Sitting here at my computer at around noon on Saturday, May 3rd the registration for the One Big Library stands at 61. We're planning to cap it at around 80, due to the size of our venue. Overall, I have to say that I'm pleasantly surprised by the speed that the registrations have been flowing it. It shows that there's a terrific interest in our concept.
The variety of people that have registered is also gratifying. We have people coming from a good cross section of Ontario post-secondary institutions as well as from public, school and other libraries. Not to mention a good number of recent grads from various library schools. We also have a few of people from outside the library world too.
The breadth of topics and sessions that have been proposed is also very encouraging for the event itself. As is the reaction so far around the web.
Which brings me to Walt Crawford's post.
And there’s something about it that bothers me. Namely, the premise as stated in that first paragraph.
Sorry, but I don’t buy it as a reality or as a desirable future. I don’t think of Harvard College Library as a branch of The ARL Library, much less Mountain View Public Library, Harvard College Library, NYPL, Hewlett-Packard Corporate Libraries and the Poy Sippi Public Library as all being branches of One Big Library.
I think of all these as distinctive and distinctly local institutions–institutions which, being libraries, are really good at sharing and should get even better at it. But sharing is quite different than being a branch of a whole.
Reading Walt's comments and re-reading our goals I can see how it's possible to see our aims as homogenizing rather than unifying and I guess we could have been more explicit. Please read the comments on Walt's post where Laura Crossett, David Fiander, Connie Crosby and John Miedema all seem to have a pretty good idea of what we're trying to do: focus on co-operation and collaboration among libraries and librarians in meeting the needs of our patrons. But there will always be tension between centralizing and decentralizing forces in any organization or consortium of organizations, a tension that can be negative but that can also be constructive and creative.

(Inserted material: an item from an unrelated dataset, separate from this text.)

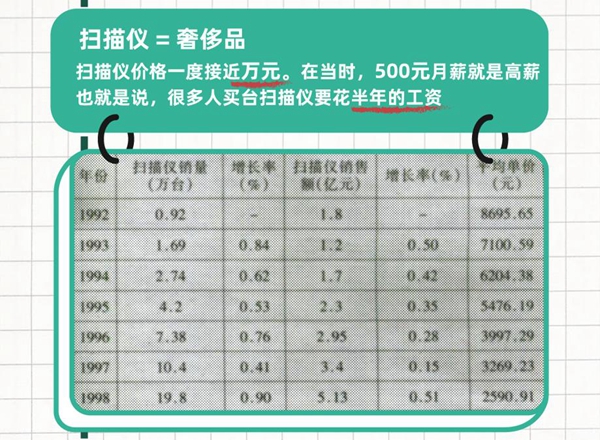 从移动化到智能化 扫描全能王见证行业十年变迁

As wary as I am to post on the York institutional and/or the Ontario/Scholars Portal contexts, I can say that both of those come equipped with a some small portion of the centralizing and homogenizing impulses that are in a creative tension with intensely local patron needs. And both contexts also have librarians and staff that want to build something together while at the same time being loyal to their local patron communities. We want to collectively and collaboratively build something wonderful and terrific for the benefit of everybody as well as maintain our individual identities. Maybe the One Big Library it's just in the air here. And if some of that tension comes out at the conference, well, that's healthy too.